Sharon Norwood is shown in her studio in Dunedin. The graphic artist turned fine artist has shown works recently at two spots in Midtown St. Petersburg. Behind her is a Caribbean-influenced take on Vermeer’s Girl With a Pearl Earring.
Published Sep. 25, 2014

Like most little girls, Sharon Norwood played with dolls and placed them in imaginative, storybook settings.

Because she is black, however, it was hard to relate to her inanimate playmates.

"All of my dolls were white dolls; I didn't have any black dolls," she said. "Those dolls weren't really available.''

So the little girl created story lines that suited her. Rather than the typical tale of Cinderella, she imagined herself in the role of the golden-haired princess with the fabled foot.

Norwood, now an emerging, multidisciplinary artist, is still drawing on her imagination in her paintings and clay sculptures.

"My work is mostly about identity,'' she said. "I attempt to rewrite and give a different narrative to popular images of blackness. It is like reading a book and imagining yourself as one with the characters.''

That is what she did in her rendition of Johannes Vermeer's famous 17th century painting, Girl With a Pearl Earring. She asked herself, "What would I look like in that space?''

In both paintings, the girl gazes backward over her left shoulder. But the blue scarf and brown robe on Norwood's girl look tailored for a Caribbean woman like herself and the red hues are stronger.

Although she began painting and sculpting just a few years ago, Norwood and her work are gaining notice.

In recent months, her pieces have been featured at the Dunedin Fine Art Center and two galleries in southern St. Petersburg — the Carter G. Woodson African American Museum and Gallerie 909.

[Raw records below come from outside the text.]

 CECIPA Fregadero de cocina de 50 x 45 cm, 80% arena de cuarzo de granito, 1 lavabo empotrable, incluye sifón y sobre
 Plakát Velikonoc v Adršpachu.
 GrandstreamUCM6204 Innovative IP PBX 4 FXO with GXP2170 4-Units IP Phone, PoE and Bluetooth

In 2012, Norwood volunteered at the Midtown gallery of renowned glass artist Duncan McClellan. She had a "dynamic personality,'' said McClellan. "She was a hardworking artist.''

"I love her spirit,'' said Wallace Wilson, a professor of studio art who helped direct Norwood's studies at the University of South Florida in Tampa, where she earned a bachelor's in fine arts last year. "I think the best work she does embodies that spirit.''

Norwood, 47, was well into adulthood before she became an artist.

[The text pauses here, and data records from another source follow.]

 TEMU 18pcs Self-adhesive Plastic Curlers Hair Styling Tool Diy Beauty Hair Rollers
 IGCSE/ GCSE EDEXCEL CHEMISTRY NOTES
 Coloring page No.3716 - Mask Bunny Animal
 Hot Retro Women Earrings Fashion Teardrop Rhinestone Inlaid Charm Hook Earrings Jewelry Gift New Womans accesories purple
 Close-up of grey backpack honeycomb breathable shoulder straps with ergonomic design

She was born in Kingston, Jamaica, and lived there with her father until, at 9, she moved to Toronto to join her mother. Aside from a little writing and a mild interest in an uncle's political poems, Norwood said, she had no artistic leanings.

Norwood got her first taste of art as a graphic designer in Canada. She enjoyed it and spent more than 10 years in the field, but she felt restricted.

"The best designers always had a formal arts background,'' Norwood said. "I wanted to get better at painting because I found myself limited.''

Whereas fine arts use a wide range of materials and concepts, graphic design deals with text, copy and page layout; it is commonly used in marketing.

As a graphic designer, Norwood created art for a business. Now, "with fine arts, it's like I'm telling a story,'' she said.

Romance brought Norwood to Florida. While vacationing here 14 years ago, she met her future husband, Charles Norwood, a financial counselor and certified motorcycle-riding instructor. She decided to move down and they were soon married.

The pair live in half of a Dunedin duplex. The other half serves as her studio.

Norwood used her graphic design experience to land a job with the Tampa Bay Business Journal, where she was part of a team that received a second-place award in 2006 for overall graphic design from the Florida Press Association.

Still feeling restrained, however, Norwood began painting and enrolled at USF. At the time, painting was the only medium on her palette.

"I wanted to be a better painter,'' Norwood said. "That's all I knew about art.''

After taking a ceramics class, her perspective began to change. She discovered a natural ability to manipulate the clay in her hands. People's positive reactions to her sculptures make her more comfortable as a sculptor than a painter, she said.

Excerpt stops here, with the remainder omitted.